DATA EXTRACT START
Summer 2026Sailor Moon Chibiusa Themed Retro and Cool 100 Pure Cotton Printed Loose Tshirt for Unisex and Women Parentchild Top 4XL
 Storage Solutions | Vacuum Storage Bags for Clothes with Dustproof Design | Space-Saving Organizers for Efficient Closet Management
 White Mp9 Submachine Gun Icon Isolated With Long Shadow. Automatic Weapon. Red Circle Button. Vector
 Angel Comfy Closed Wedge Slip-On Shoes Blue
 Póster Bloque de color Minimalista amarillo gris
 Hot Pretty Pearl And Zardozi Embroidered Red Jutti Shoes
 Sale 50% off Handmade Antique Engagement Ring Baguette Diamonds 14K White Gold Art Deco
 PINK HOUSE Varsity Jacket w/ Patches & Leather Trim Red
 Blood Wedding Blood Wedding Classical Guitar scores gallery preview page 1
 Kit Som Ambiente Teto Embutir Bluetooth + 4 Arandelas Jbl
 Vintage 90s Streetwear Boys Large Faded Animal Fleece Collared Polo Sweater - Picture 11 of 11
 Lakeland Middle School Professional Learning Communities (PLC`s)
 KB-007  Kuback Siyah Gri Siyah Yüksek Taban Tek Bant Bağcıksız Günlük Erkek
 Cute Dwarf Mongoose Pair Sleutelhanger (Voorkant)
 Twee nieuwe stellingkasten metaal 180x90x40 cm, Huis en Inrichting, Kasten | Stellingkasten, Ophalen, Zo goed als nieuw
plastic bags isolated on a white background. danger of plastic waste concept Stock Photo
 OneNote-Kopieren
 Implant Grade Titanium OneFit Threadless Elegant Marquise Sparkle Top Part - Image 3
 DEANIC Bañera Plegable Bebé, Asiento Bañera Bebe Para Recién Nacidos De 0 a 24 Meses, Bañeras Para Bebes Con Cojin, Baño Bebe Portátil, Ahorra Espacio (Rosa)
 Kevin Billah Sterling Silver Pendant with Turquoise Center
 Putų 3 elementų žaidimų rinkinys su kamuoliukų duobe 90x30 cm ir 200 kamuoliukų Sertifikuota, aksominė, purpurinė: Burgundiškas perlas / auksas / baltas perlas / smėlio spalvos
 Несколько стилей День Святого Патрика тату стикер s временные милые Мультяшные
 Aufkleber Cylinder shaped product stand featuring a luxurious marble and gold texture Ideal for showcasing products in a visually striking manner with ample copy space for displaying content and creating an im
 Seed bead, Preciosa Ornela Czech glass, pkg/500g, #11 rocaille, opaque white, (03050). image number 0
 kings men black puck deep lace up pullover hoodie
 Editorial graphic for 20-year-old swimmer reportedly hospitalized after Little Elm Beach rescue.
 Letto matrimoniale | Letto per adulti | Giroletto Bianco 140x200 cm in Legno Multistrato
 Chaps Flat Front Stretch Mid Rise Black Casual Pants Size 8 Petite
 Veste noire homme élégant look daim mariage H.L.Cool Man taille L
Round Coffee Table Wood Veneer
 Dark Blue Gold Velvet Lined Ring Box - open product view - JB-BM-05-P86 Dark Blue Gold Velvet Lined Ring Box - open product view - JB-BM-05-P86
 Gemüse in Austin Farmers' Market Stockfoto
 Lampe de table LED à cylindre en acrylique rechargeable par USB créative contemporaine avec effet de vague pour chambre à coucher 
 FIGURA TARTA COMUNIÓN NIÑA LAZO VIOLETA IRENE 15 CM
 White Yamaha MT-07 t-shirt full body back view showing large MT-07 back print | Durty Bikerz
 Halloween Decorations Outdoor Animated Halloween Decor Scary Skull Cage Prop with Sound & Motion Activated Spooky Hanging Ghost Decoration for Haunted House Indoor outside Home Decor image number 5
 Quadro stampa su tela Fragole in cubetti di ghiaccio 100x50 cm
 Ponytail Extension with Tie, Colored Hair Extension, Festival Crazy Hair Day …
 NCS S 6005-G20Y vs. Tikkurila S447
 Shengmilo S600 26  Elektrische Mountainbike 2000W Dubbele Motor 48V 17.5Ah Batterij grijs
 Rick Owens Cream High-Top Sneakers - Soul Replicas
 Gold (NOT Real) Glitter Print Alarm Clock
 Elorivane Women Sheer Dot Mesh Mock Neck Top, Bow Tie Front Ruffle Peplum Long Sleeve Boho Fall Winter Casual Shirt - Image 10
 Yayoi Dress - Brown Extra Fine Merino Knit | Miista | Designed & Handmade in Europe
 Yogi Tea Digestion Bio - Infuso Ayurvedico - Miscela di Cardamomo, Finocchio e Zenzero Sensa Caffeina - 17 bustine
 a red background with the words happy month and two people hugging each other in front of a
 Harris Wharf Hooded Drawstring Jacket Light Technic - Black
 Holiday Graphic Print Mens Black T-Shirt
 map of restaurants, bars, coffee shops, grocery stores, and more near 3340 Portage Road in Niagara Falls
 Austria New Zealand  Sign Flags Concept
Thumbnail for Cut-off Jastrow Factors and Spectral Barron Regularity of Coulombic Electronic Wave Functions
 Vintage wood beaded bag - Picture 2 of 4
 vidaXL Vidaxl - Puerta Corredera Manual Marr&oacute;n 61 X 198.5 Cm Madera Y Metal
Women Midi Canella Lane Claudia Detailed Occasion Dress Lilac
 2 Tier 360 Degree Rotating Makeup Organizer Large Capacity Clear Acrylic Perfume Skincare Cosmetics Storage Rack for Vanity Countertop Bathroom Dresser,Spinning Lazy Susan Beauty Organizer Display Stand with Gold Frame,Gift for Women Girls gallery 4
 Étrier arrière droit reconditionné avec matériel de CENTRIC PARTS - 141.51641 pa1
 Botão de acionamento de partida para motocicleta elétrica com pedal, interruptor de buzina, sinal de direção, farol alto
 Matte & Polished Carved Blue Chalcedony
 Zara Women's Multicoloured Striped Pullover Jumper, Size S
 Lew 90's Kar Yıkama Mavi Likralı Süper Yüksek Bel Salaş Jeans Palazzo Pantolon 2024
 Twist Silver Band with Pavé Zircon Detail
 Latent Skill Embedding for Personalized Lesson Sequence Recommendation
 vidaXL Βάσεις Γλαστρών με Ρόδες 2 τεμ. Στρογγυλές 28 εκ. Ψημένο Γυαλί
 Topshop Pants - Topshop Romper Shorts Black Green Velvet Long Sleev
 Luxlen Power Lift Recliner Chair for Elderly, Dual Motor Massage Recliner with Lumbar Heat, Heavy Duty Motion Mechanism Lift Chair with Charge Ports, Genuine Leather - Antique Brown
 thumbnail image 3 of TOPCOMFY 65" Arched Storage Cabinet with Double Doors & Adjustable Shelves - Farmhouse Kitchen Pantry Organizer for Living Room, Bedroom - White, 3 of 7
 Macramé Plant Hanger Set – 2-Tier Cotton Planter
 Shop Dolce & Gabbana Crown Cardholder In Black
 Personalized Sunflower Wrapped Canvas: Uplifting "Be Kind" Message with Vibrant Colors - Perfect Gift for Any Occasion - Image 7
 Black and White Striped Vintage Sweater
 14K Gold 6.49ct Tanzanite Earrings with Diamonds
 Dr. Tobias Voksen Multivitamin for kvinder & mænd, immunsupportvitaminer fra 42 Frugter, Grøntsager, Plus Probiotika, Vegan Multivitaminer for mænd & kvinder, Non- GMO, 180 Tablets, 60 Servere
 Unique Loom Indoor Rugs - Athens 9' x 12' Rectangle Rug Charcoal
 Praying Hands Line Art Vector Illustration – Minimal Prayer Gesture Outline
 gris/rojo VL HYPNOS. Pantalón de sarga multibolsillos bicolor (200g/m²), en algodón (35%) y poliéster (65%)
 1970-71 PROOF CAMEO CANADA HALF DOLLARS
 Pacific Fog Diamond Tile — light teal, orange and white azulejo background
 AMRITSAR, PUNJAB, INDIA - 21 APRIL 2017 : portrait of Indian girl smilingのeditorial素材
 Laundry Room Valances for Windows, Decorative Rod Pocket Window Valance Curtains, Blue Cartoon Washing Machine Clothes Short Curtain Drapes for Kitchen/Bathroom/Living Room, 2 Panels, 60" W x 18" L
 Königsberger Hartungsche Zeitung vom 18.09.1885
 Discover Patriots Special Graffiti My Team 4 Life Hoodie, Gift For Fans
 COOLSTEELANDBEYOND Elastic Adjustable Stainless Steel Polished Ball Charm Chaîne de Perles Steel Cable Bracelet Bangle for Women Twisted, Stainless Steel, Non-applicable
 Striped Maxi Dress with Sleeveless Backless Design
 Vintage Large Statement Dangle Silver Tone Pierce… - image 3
DATA EXTRACT END
* WHAT THIS TASK INVOLVES
Taking the entries above, print exactly the lines starting at the line with "PINK HOUSE Varsity" and ending at the line with "Aufkleber Cylinder shaped", both included.

* ANSWER TO THIS EXERCISE
 PINK HOUSE Varsity Jacket w/ Patches & Leather Trim Red
 Blood Wedding Blood Wedding Classical Guitar scores gallery preview page 1
 Kit Som Ambiente Teto Embutir Bluetooth + 4 Arandelas Jbl
 Vintage 90s Streetwear Boys Large Faded Animal Fleece Collared Polo Sweater - Picture 11 of 11
 Lakeland Middle School Professional Learning Communities (PLC`s)
 KB-007  Kuback Siyah Gri Siyah Yüksek Taban Tek Bant Bağcıksız Günlük Erkek
 Cute Dwarf Mongoose Pair Sleutelhanger (Voorkant)
 Twee nieuwe stellingkasten metaal 180x90x40 cm, Huis en Inrichting, Kasten | Stellingkasten, Ophalen, Zo goed als nieuw
plastic bags isolated on a white background. danger of plastic waste concept Stock Photo
 OneNote-Kopieren
 Implant Grade Titanium OneFit Threadless Elegant Marquise Sparkle Top Part - Image 3
 DEANIC Bañera Plegable Bebé, Asiento Bañera Bebe Para Recién Nacidos De 0 a 24 Meses, Bañeras Para Bebes Con Cojin, Baño Bebe Portátil, Ahorra Espacio (Rosa)
 Kevin Billah Sterling Silver Pendant with Turquoise Center
 Putų 3 elementų žaidimų rinkinys su kamuoliukų duobe 90x30 cm ir 200 kamuoliukų Sertifikuota, aksominė, purpurinė: Burgundiškas perlas / auksas / baltas perlas / smėlio spalvos
 Несколько стилей День Святого Патрика тату стикер s временные милые Мультяшные
 Aufkleber Cylinder shaped product stand featuring a luxurious marble and gold texture Ideal for showcasing products in a visually striking manner with ample copy space for displaying content and creating an im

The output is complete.